Die Mnyalis konnten in ihrer Hütte bleiben, obwohl Sabelo seinen Job als Nachmittagsbetreuer für Grundschüler unmittelbar mit Beginn des Lockdowns verloren hatte. Angestellt war er dort vom Sozialministerium, das über eine sozialverträgliche Lösung aber anscheinend nicht einmal nachdachte. »Als die Regierung die Schließung der Schulen bekannt gegeben hat, wurden wir entlassen. Wir hatten befristete Verträge mit der Option auf Verlängerung, aber es gab nicht einmal Verhandlungen.« Weil er die Stelle erst im Januar angetreten hatte, bekam Mnyali auch kein Arbeitslosengeld.

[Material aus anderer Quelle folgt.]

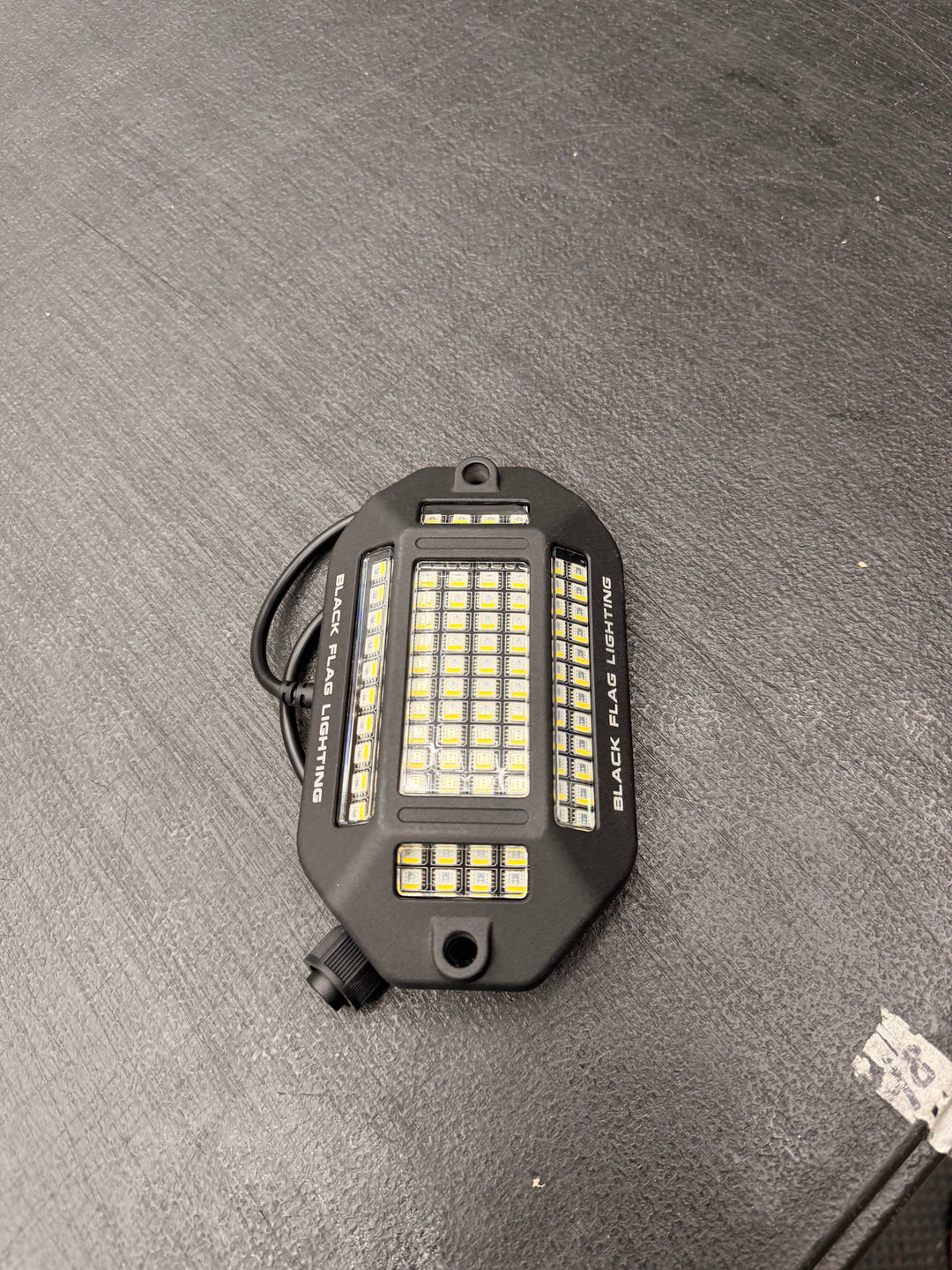 100 LED Chip RGBW(Colored + Pure White) Rock Lights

Über die Runden kam die junge Familie mit dem Gehalt von Nontsikelelo, die ihren Job in einem Callcenter behielt, seit Beginn des Lockdowns aber aus dem Homeoffice in ihrer Hütte arbeitet. »Ich musste zum Herrn des Hauses werden«, sagt die 29-Jährige und muss sogar kurz lachen. Der Ernst kehrt in ihr Gesicht zurück, als sie erklärt, dass sie ihren einjährigen Sohn zu ihrer Mutter geben musste, weil an Kundengespräche sonst kaum zu denken wäre. Lediglich am Wochenende kommt der Kleine zurück zu seinen Eltern und der sechsjährigen Schwester. »Ich vermisse ihn sehr. Dass er nicht bei mir ist, ist jeden Tag schwer«, sagt Nontsikelelo.

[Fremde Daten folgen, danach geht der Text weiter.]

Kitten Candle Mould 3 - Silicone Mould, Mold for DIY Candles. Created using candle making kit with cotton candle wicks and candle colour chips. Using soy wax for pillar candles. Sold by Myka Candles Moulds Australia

Finanziell aber kämen sie so gerade eben über die Runden. »Wir kaufen das Nötigste, aber den Luxus, uns mal etwas darüber hinaus zu gönnen, den gibt es nicht mehr«, berichtet Nontsikelelo und erklärt dann, was für sie »Luxus« ist: »Früher haben wir manchmal Essen vom Imbiss geholt, Snacks kaufen wir auch nicht mehr.« Auch Sparpläne hätten sie aussetzen müssen und nicht einmal mehr für die Bestattungsversicherung bezahlen können, ergänzt Sabelo Mnyali.

Allein ist die Familie mit all dem bei weitem nicht: Um 49,8 Prozent, so hat Stats SA berechnet, sank der Haushaltskonsum in Südafrika im zweiten Quartal 2020. Die Mnyalis blicken dennoch wieder mit etwas Zuversicht in die Zukunft. Sabelo hat vor einigen Wochen einen neuen Job gefunden.

Christopher Siwela hofft derweil, dass nach der Aufhebung des Einreiseverbots bald wieder Urlauber nach Südafrika kommen und er wieder in Vollzeit arbeiten kann. Mindestens eine Million Arbeitsplätze jedoch, so schätzen Ökonomen, sind durch den Lockdown auf längere Sicht verloren gegangen.